MES systems work by capturing data from manufacturing equipment and the individuals involved in the various steps of making a product. These applications are generally oriented to larger enterprises. But 98.6% of manufacturers in the U.S. have fewer than 500 employees and these companies produce over $3 trillion of goods each year. Pico’s software is priced, configured and optimized to meet the needs of these smaller manufacturers.
The company has developed an interactive software platform that helps smaller factories reduce mistakes, increase output and collect more data to build digital twins of their manufacturing processes. Pico’s no-code device library and internet of things (IoT) network to make it easier to connect machines to a consolidated monitoring system. It also makes it easier to publish operating instructions for guiding operators through specific manufacturing steps.
Keeping factories moving
Pico CEO and cofounder Ryan Kuhlenbeck spent the first part of his career with GM and Tesla fighting issues with their suppliers to keep the larger factories moving.
“It was clear these smaller factories had very limited access to the tools and techniques used by large companies and this had to change in order to allow US manufacturing to be successful into the future,” Kuhlenbeck said.
Kuhlenbeck later met the company’s other cofounders Geoff Bucks, and Zac Nelson. Together, the three launched Pico in 2019 to help address some of the challenges they had previously encountered working at small manufacturers.
“The early Pico team all come from small manufacturing towns, where the ability to have successful midsize factories directly impacts the lives of our friends and family. It is personal for us,” Kuhlenbeck said,
From paper to digital twins
At the moment, small manufacturers tend to keep paper records and use Excel spreadsheets to track manufacturing progress. Kuhlenbeck claims that about 90% of small and midsize factories lack an MES.
“Legacy systems were designed for the complexities of the large manufacturers, making them expensive, difficult to use and requiring specialized support personnel,” he said.
Pico makes it easier for these smaller firms to get started in as little as a day. A pre-built library of tools and machine integrations reduces the need for software engineers to set up the system. Pico also provides low-cost IoT hardware for connecting devices into the factory that is dramatically less expensive than the programmable logic controllers (PLCs) and industrial PCs used in traditional MES apps.

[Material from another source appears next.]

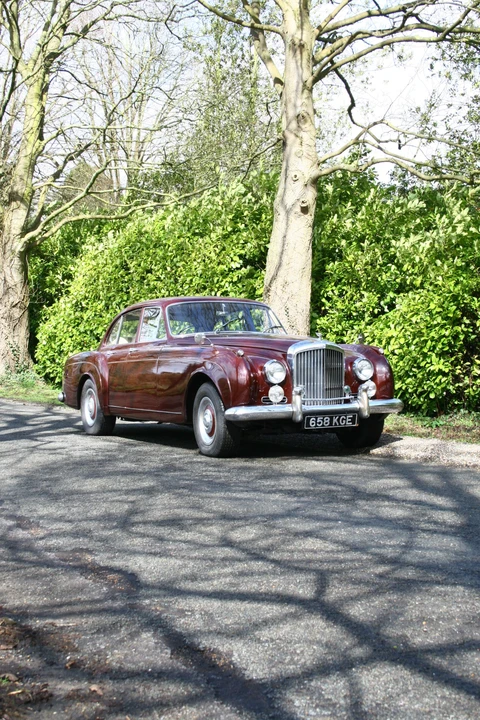 1962 Bentley S2 - Image 8 of 8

The system also comes with an error-proofing capability that can automatically stop a tool when an error is detected, so the operator can fix it. This is often an expensive add-on for other MES apps.

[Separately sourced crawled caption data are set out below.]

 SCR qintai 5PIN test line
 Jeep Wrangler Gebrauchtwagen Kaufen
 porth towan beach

Pico also helps integrate all documentation and workflows into a digital twin of what is supposed to happen and records what actually happens at each production step. The data is transformed into actionable feedback to supervisors and engineers on exactly where to target continuous improvement activities.
A growing market
Markets and Markets predicts the MES market could grow from $11.5 billion in 2021 to $17.1 billion by 2026. Leading MES vendors include companies like ABB, Aveva, Dassault Systèmes, Honeywell, Rockwell, SAP, GE and Oracle.
Congruent Ventures led the round along with Union Labs, previous investors, Lemnos Labs and SE Ventures, the venture investing arm of Schneider Electric. Pico has raised a total of $8 million total, including the $6.75 in seed funding.
The money will scale the sales and marketing teams and further expand the feature set within Pico MES, including their automated business intelligence platform and scope 3 emissions tracking suite.
Down the road, Kuhlenbeck said they are working to support future technology like AR/VR and advanced robotics as these become more practical for small and midsize factories.